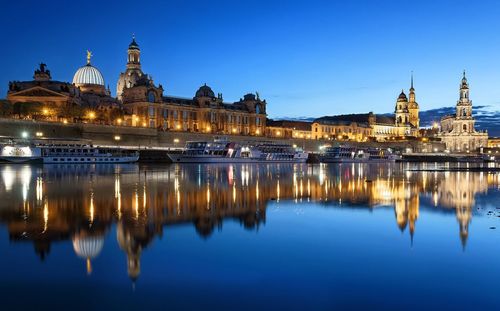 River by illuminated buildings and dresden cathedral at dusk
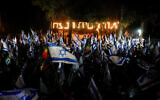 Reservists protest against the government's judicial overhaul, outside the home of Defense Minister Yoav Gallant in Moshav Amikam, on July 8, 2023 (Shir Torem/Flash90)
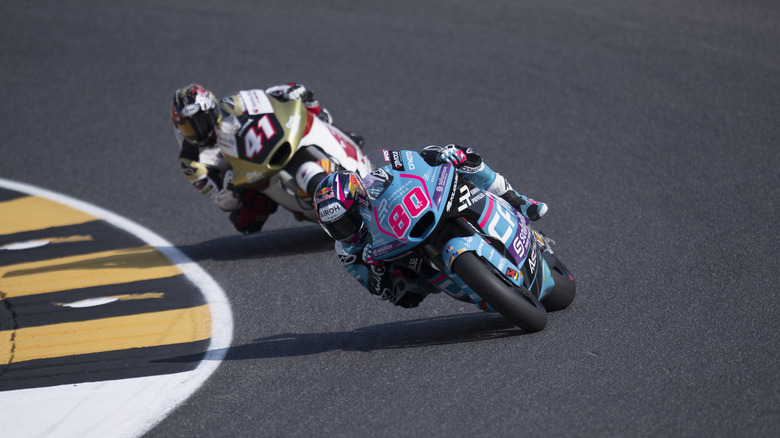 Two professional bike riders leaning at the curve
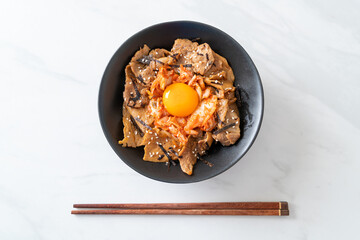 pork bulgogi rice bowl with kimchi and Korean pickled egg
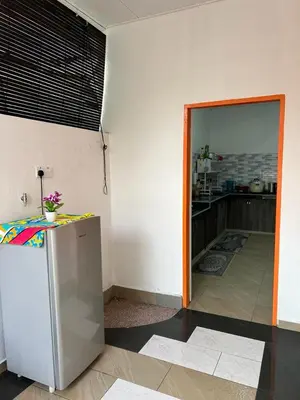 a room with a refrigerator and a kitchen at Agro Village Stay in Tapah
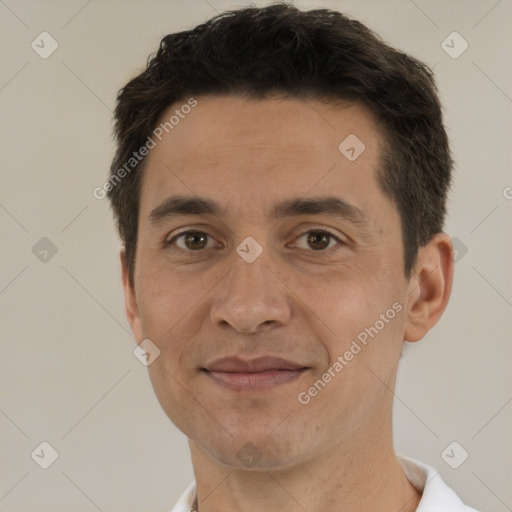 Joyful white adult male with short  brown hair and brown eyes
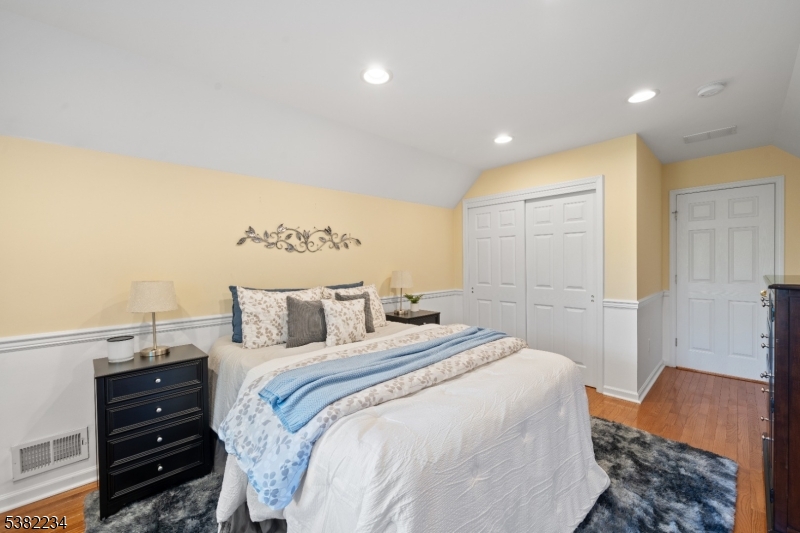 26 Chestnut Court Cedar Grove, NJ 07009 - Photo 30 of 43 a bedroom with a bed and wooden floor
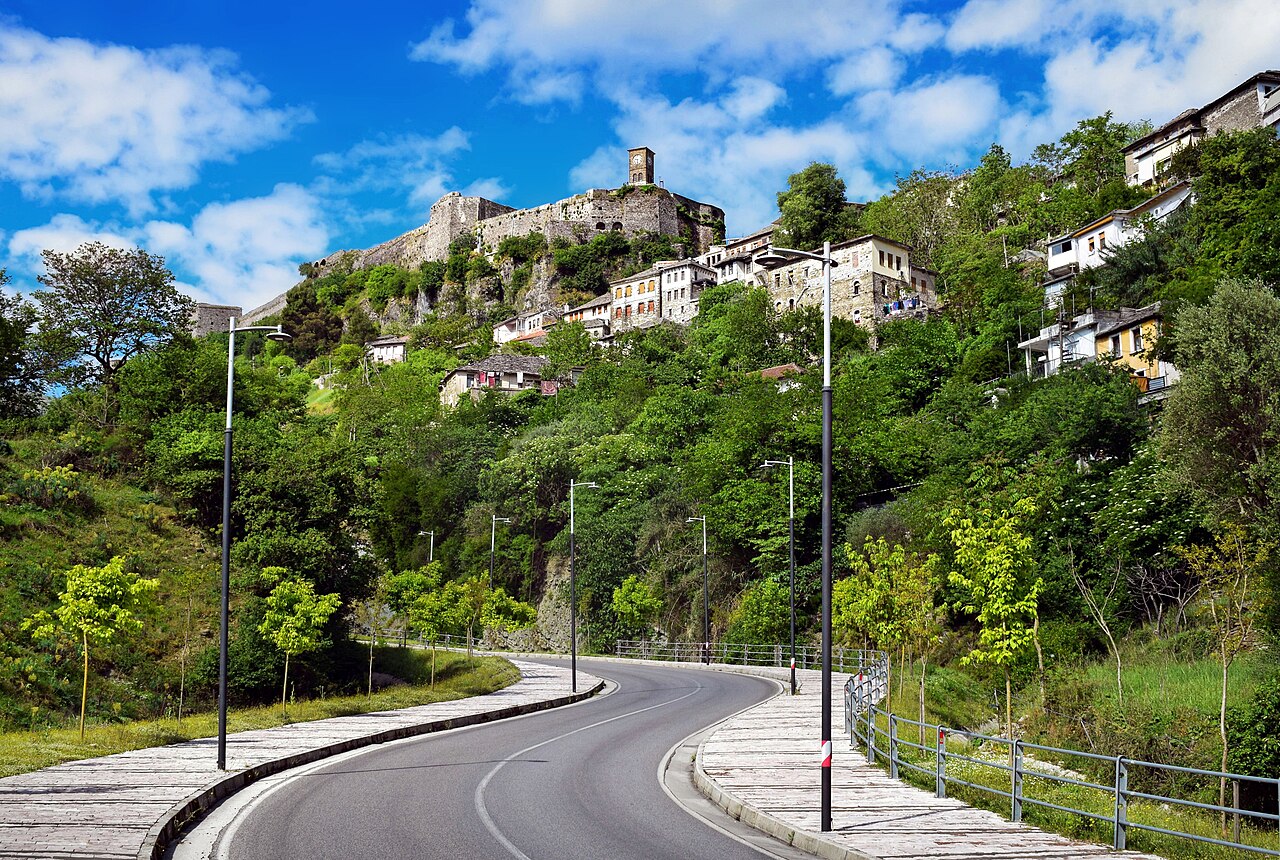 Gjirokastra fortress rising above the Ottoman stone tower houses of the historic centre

————————

Transcribe the records above verbatim. Do not carry over any picture.

 River by illuminated buildings and dresden cathedral at dusk
 Reservists protest against the government's judicial overhaul, outside the home of Defense Minister Yoav Gallant in Moshav Amikam, on July 8, 2023 (Shir Torem/Flash90)
 Two professional bike riders leaning at the curve
 pork bulgogi rice bowl with kimchi and Korean pickled egg
 a room with a refrigerator and a kitchen at Agro Village Stay in Tapah
 Joyful white adult male with short  brown hair and brown eyes
 26 Chestnut Court Cedar Grove, NJ 07009 - Photo 30 of 43 a bedroom with a bed and wooden floor
 Gjirokastra fortress rising above the Ottoman stone tower houses of the historic centre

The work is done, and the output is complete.